Tornando alle app della collana Great Photographers, l’app su Mario Giacomelli in italiano e in inglese contiene trecento fotografie in alta definizione tutte ingrandibili con semplici modalità touch; "le serie" attraverso le quali Mario Giacomelli ha espresso la sua cifra stilistica, i testi e le poesie a cui il fotografo si è ispirato, inedite "lezioni di fotografia" a cura di Alessia Tagliaventi, per entrare nel suo modo di comporre, nella sua poetica.

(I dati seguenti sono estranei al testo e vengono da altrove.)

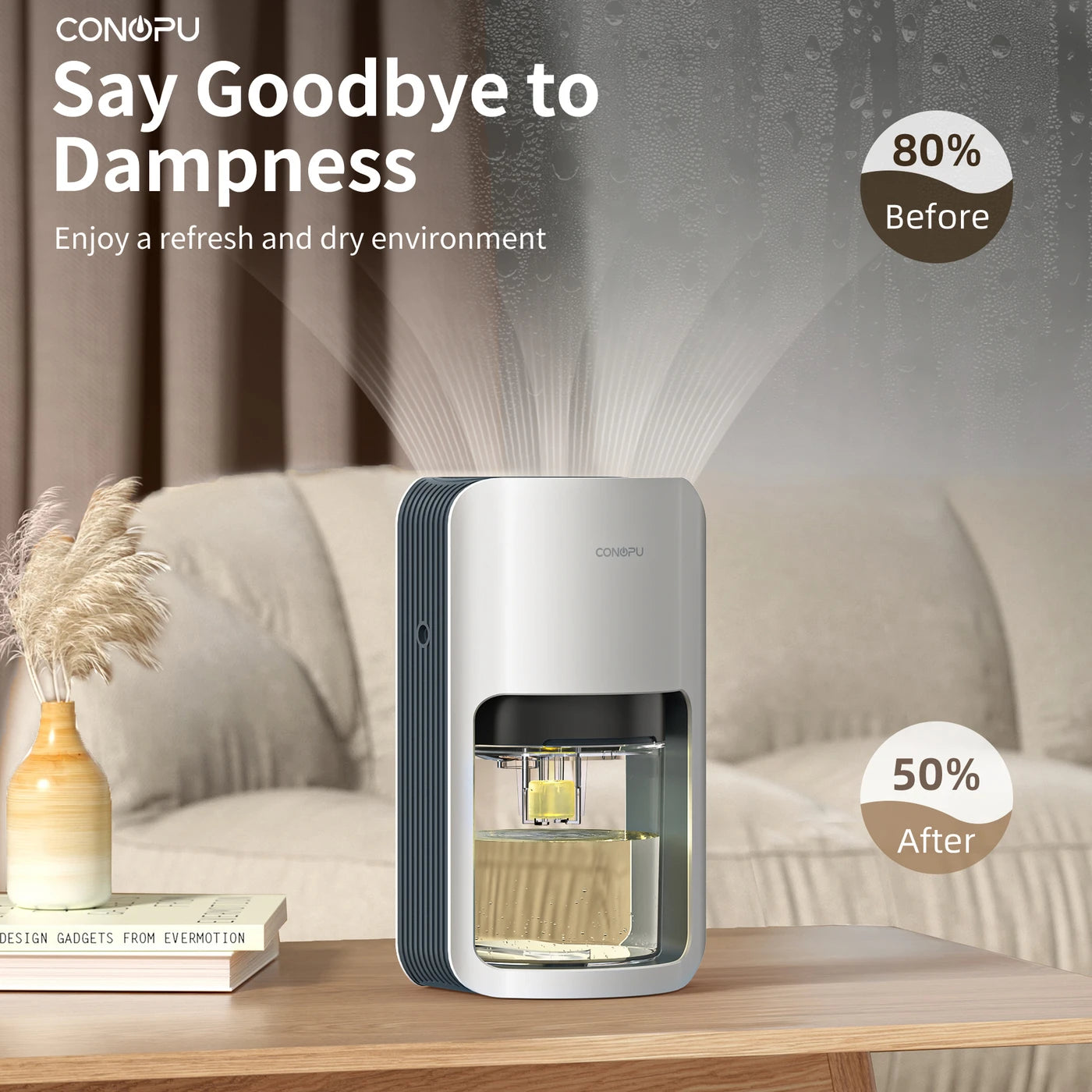 CONOPU Semiconductor Dehumidifier CS06, 1200ml, Ultra-Quiet, Auto-Defrost, 7-Color LED, Compact for 10-15m² rooms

Le fotografie sono collegate in modo dinamico con gli interventi critici di Goffredo Fofi, Roberta Valtorta, Alessandra Mauro, Ferdinando Scianna, Christian Caujoulle, Paolo Morello, Alistair Crawford, un’intervista all’autore realizzata dal grande fotografo Frank Horvat e i contributi video di Enzo Carli, Gianni Berengo Gardin, Tullio Pericoli, Alessandra Mauro, Achille Bonito Oliva.
 Vi è anche la possibilità di ripercorrere la vita di Giacomelli attraverso il suo l'album di famiglia e la voce del figlio Simone, e ogni lettore potrà costruire un album personale con le fotografie che più lo hanno colpito.

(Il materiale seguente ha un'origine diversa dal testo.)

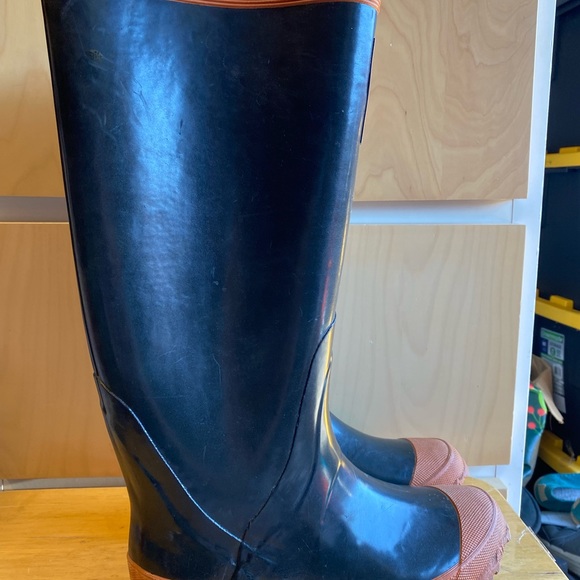 Eagle Claw Mens Black Rubber Steel Shank Rain Boots Waterproof Size 7 - Picture 2 of 9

Il secondo capitolo della collana è l’app su William Klein in italiano, inglese e francese. Un approfondimento critico e interattivo della complessa opera di Klein che, per la prima volta, è raccontato non solo attraverso le sue immagini, ma anche grazie ai suoi film, i suoi dipinti, le sue parole e le testimonianze dirette di coloro che hanno voluto ricordare per questa occasione il fotografo, l’uomo, l’artista, l’amico. La app prevede diversi percorsi, tra cui l’interattivo Mio Klein, che dà la possibilità all’utente di selezionare le foto preferite per costruire un’ipotetica mostra da poter poi condividere sui propri social network. Una selezione di 393 immagini, navigabili singolarmente o attraverso slideshow, ingrandibili con semplici modalità touch e corredate dai testi e dalle didascalie scritte dallo stesso Klein. Le immagini sono inoltre collegate in maniera semplice e dinamica ai vari contenuti critici presenti nelle diverse sezioni della app formando così un ipertesto nel quale il lettore può costruire il proprio percorso di lettura. Anche qui, inedite "lezioni di fotografia" a cura di Alessia Tagliaventi, e interventi critici di personalità come Robert Delpire, Max Kozloff, Quentin Bajac e David Campany, oltre che commenti dello stesso autore, contributi video e interviste esclusive a Jean-Paul Goude e allo stesso Klein.